Actively recruiting before the battle of Gonzales in October 1835, he rode from Gonzales to Mina informing colonists of the dire need of their support in the volunteer army. Because of this, some call him the Paul Revere of Texas.  As a participant at the battle, he served as a scout and mediator. On Nov. 3, 1835, the delegates of the citizens of Texas established the provisional Texas government by the Consultation of 1835. The Consultation authorized the recruitment of 25 Rangers, and later, was increased to three companies of 56 men each. Caldwell was appointed a subcontractor to the Texian Army by the Provisional Government of Texas, to supply and administer a volunteer army at the siege of Bexar and the Alamo.

On 1 February 1836, he and John Fisher were elected delegates from Gonzales to the Texas Independence Convention of 1836 at Washington on the Brazos, and both were signers of the Texas Declaration of Independence, on March 2. The convention appointed a committee of three, of which Caldwell was a member, to assess the situation of the enemy on the frontier and the condition of the Texian army. They dispatched couriers with the message of independence. Caldwell went along with them, paying close attention to the state of the new republic as they passed through numerous settlements.
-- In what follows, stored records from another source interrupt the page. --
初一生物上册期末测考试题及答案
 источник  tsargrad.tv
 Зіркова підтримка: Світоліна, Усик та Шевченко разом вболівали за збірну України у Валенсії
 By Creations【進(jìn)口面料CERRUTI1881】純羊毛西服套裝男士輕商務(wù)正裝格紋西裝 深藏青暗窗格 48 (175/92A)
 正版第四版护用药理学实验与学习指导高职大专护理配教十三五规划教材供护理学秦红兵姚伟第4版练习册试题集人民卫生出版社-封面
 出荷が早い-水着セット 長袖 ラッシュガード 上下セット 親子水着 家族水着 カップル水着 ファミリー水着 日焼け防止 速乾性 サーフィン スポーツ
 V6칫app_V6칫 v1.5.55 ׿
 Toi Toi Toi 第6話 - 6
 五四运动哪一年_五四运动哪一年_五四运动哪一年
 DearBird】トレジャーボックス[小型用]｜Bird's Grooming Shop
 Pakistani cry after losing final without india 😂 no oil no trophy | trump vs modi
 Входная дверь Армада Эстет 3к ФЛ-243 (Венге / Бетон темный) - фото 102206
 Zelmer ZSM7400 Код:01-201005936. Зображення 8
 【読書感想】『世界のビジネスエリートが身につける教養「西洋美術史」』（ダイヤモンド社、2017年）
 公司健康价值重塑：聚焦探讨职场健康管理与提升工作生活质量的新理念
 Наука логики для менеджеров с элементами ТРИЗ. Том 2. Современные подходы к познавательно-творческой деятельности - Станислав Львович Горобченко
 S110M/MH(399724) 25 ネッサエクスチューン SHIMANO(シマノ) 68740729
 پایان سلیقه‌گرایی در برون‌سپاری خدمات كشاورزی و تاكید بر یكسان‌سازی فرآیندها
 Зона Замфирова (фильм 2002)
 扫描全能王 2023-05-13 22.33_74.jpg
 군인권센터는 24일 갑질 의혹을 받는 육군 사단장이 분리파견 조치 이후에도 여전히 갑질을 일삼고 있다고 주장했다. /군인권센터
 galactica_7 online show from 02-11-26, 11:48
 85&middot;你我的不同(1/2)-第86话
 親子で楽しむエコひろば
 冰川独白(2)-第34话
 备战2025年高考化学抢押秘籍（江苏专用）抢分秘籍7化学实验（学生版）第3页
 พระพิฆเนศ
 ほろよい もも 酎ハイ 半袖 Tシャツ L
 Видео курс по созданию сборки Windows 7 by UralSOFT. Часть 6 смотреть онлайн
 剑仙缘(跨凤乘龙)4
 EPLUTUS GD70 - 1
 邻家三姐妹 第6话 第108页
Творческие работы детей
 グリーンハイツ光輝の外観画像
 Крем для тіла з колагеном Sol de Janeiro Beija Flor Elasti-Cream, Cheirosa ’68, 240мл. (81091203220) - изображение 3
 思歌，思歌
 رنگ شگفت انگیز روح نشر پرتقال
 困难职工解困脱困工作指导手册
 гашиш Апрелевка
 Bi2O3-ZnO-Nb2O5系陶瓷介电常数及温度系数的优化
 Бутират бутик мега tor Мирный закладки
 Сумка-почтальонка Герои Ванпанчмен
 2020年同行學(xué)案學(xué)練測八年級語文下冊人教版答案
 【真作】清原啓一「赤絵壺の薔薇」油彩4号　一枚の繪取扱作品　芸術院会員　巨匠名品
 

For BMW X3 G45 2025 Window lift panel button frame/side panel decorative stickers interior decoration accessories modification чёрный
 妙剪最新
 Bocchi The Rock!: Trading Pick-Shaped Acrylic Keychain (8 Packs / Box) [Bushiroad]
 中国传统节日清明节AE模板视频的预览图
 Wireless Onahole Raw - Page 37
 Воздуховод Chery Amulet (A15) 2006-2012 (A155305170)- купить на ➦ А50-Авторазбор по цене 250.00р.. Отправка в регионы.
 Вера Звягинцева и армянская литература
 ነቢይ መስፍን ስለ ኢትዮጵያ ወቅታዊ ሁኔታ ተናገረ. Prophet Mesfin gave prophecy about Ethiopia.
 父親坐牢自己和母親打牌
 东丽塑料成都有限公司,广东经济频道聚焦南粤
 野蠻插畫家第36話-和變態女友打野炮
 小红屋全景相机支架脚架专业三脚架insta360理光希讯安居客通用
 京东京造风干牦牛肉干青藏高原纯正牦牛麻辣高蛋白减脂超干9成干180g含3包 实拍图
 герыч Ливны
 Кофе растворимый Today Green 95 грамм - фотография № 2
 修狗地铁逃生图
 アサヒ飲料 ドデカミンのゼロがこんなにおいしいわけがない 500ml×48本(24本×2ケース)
On February 4, 1836, Matthew Caldwell was named, along with Byrd Lockhart and William A. Matthews, as commissioners to raise a group of volunteers for a Gonzales Ranging Company. The company was mustered by March 23, 1836. The muster list of 23 rangers is shown here.

Officers
Capt. Byrd Lockhart,
Lt. George C. Kimble,
First Sergeant William A. Irvin

Privates
John Ballard, John Davis, Andrew Duvalt, Jacob Darst, Frederick C. Elm, Galba Fuqua, William Fishbaugh, John Harris, Andrew J. Kent, David B. Kent, John G. King, Daniel McCoy, Jesse McCoy, Prospect McCoy, Isaac Millsaps, William Morrison, James Nash, Marcus L. Sewell, William Summers, Robert White

After the call for reinforcements from Lt. Col. William B. Travis by way of courier Captain Albert Martin on February 25, Lt. George C. Kimble responded on the 27th with twelve of the original rangers. Twenty more men joined on their ride to the Alamo.

1836 Alamo relief force
The Gonzales Ranging Company of Mounted Volunteers company primarily consisted of family men from Gonzales and DeWitt's Colony, gathering after the call for support was issued. After receiving Travis's "To the People of Texas and All Americans in the World" appeal on February 25, the Gonzales Rangers departed the town of Gonzales on the evening of Saturday, February 27, led by commanding officer Lieutenant George C. Kimble and Captain Albert Martin, the Alamo courier delivering Travis's appeal at Gonzales. Of the twenty-three original members mustered into the Gonzales Ranger Company on the 23rd, a total of twelve are thought entered the Alamo with the final Relief Force on March 1, and all but one died there.  Lockhart, Sowell, John William Smith and others accompanied the thirty-two Rangers into the Alamo and later departed, at night, as other couriers left.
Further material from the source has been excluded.